CT chest findings: 1. There is a dominant 1 cm. nodule in the left mid lung. 2. In addition, there is a new rather dominant bilobed nodule in the left lung base. 3. Distant metastases are not identified. Four months later, a doctor's note says routine follow-up visit status post Cyber Knife stereotactic body radiation therapy for synchronous early stage non-small cell carcinomas of the left upper and left lower lobes, both Stage IA. He is medically inoperable. This situation is described as a second primary tumor in AJCC8 page 438. However, by the 2018 Lung Solid Tumor rules, this would be a single primary, per rule M7. Is that correct?

Patient diagnosed with multinodular and vacuolating neuronal tumor of the cerebrum. My research shows: Multinodular and vacuolating neuronal tumor of the cerebrum is a recently reported benign, mixed glial neuronal lesion that is included in the 2016 updated World Health Organization classification of brain neoplasms as a unique cytoarchitectural pattern of gangliocytoma. There is no code in ICD-O-3 for it, so do I report it and use 9492/0 or not ?

SINQ 20170043 is a similar question about an ovarian mucinous borderline tumor with microinvasion, but the answer seems to be specifically referencing mucinous tumors only. It is unclear if that SINQ could be applied to this case. In addition, we were not sure how to interpret the nodal involvement. The physician assessment after surgery was low grade serous carcinoma, chemo not recommended and letrozole started.
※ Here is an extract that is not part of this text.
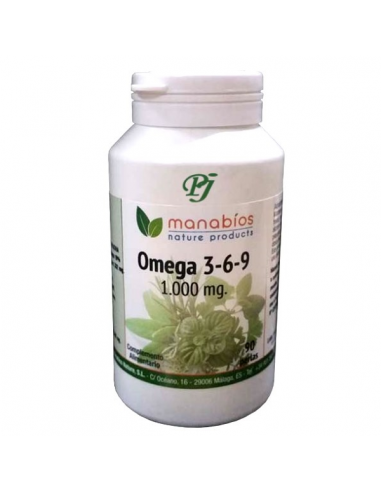 [8435014371273] Omega 3 6 9  Premium 1000 Mg. 90 Perlas (Manabios)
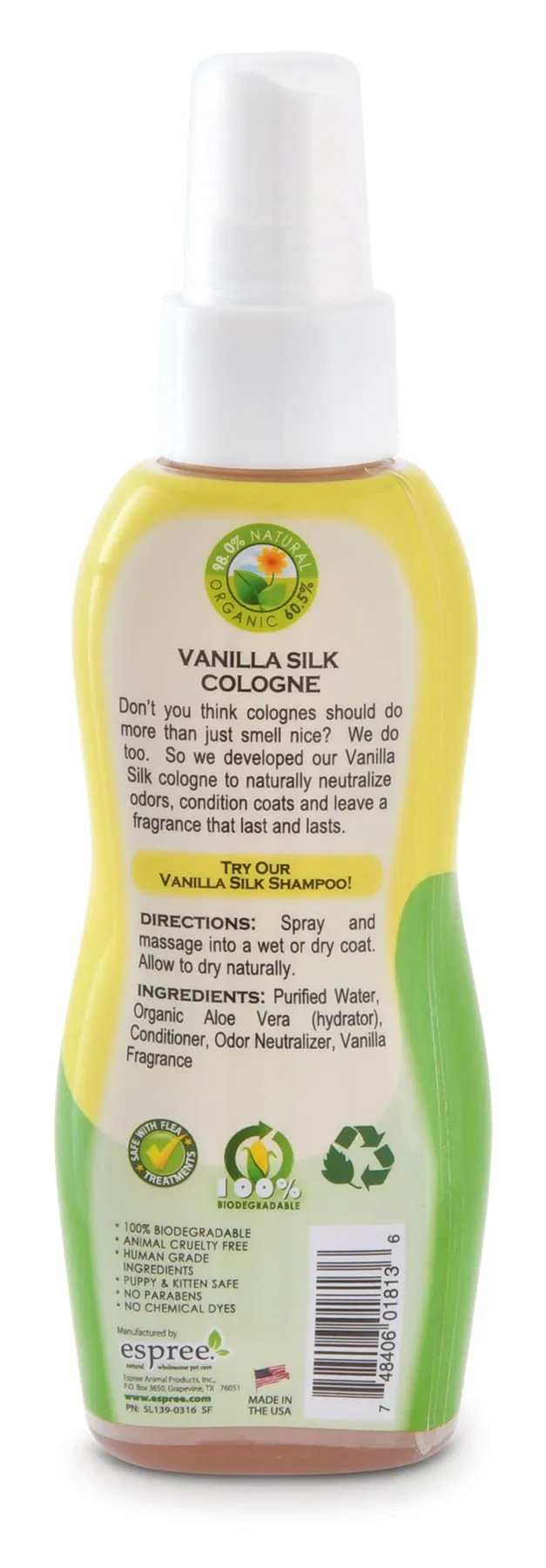 Espree Vanilla Silk Cologne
In comparison to SINQ 20180022, this case does not mention VIN III anywhere in the final diagnosis. Is any mention of HGSIL in the final diagnosis reportable, even if it is qualified with a non-reportable term in parenthesis or CAP protocol?
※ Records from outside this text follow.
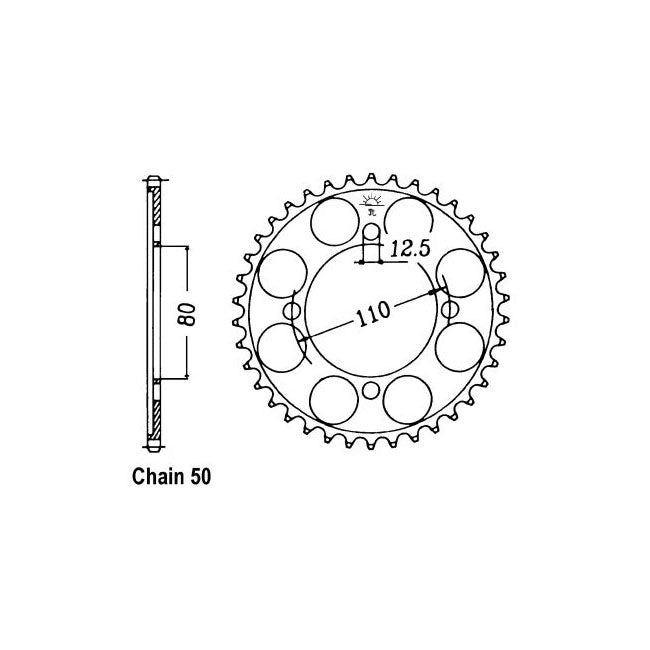 JT Sprockets Rear Sprocket Honda CB650 Nighthawk 82 JT Rear Sprocket for Honda Customhoj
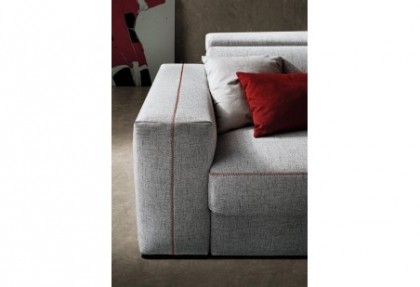 MADISON - divano relax angolare ( particolare della cucitura a scelta tono su tono oppure in contrasto ) - SOFA CLUB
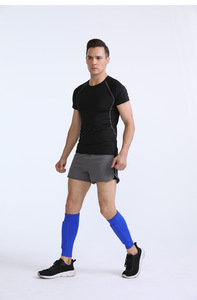 Manchons de sport en nid d'abeille avec logo personnalisé, antidérapants en silicone, rembourrage EVA 10 mm, chauffe-jambes de football, activités de plein air, vente en gros - Product Image 6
We noticed this term was added to the most recent version of the Heme Database (DB) as an alternate name for chronic lymphocytic leukemia/small lymphocytic lymphoma; however we do not recall being notified that this was a new reportable term for code 9823 and the term was not included in the 2018 ICD-O-3 Histology updates. The Definition in the Heme DB for Chronic lymphocytic leukemia/small lymphocytic leukemia (CLL/SLL) includes information that the term was added in the 2016 WHO revision, thus would be reportable back to 2016, is that correct? In addition, the Definition seems to be describing it as a precursor condition to CLL and may never actually evolve into CLL, so it is unclear if this term should really be reportable.

Example: 09/08/2016 Onc Note: A/P: monoclonal B-cell lymphocytosis of undetermined significance (MBL): I reviewed with him the results of the bone marrow biopsy. Interestingly, there is no evidence of abnormal plasma cell population by flow cytometry and immunohistochemistry. Nevertheless, flow cytometry does demonstrate a very small population of abnormal and monoclonal B-cell lymphocyte population with immunophenotype consistent with CLL/SLL. Given the very low number of the abnormal B cells, this can be categorized as monoclonal B-cell lymphocytosis (MBL). I recommend surveillance visit in one year.

9/12/2017 Onc note: A/P: Monoclonal B-cell lymphocytosis of undetermined significance (MBL) and IgM MGUS. No symptoms concerning for active disease or progression. Explained that MBL is a very indolent process. Patients with CLL-phenotype MBL progress to CLL at a rate of ~1-2 percent per year. Follow-up in 1 year. Is this case reportable?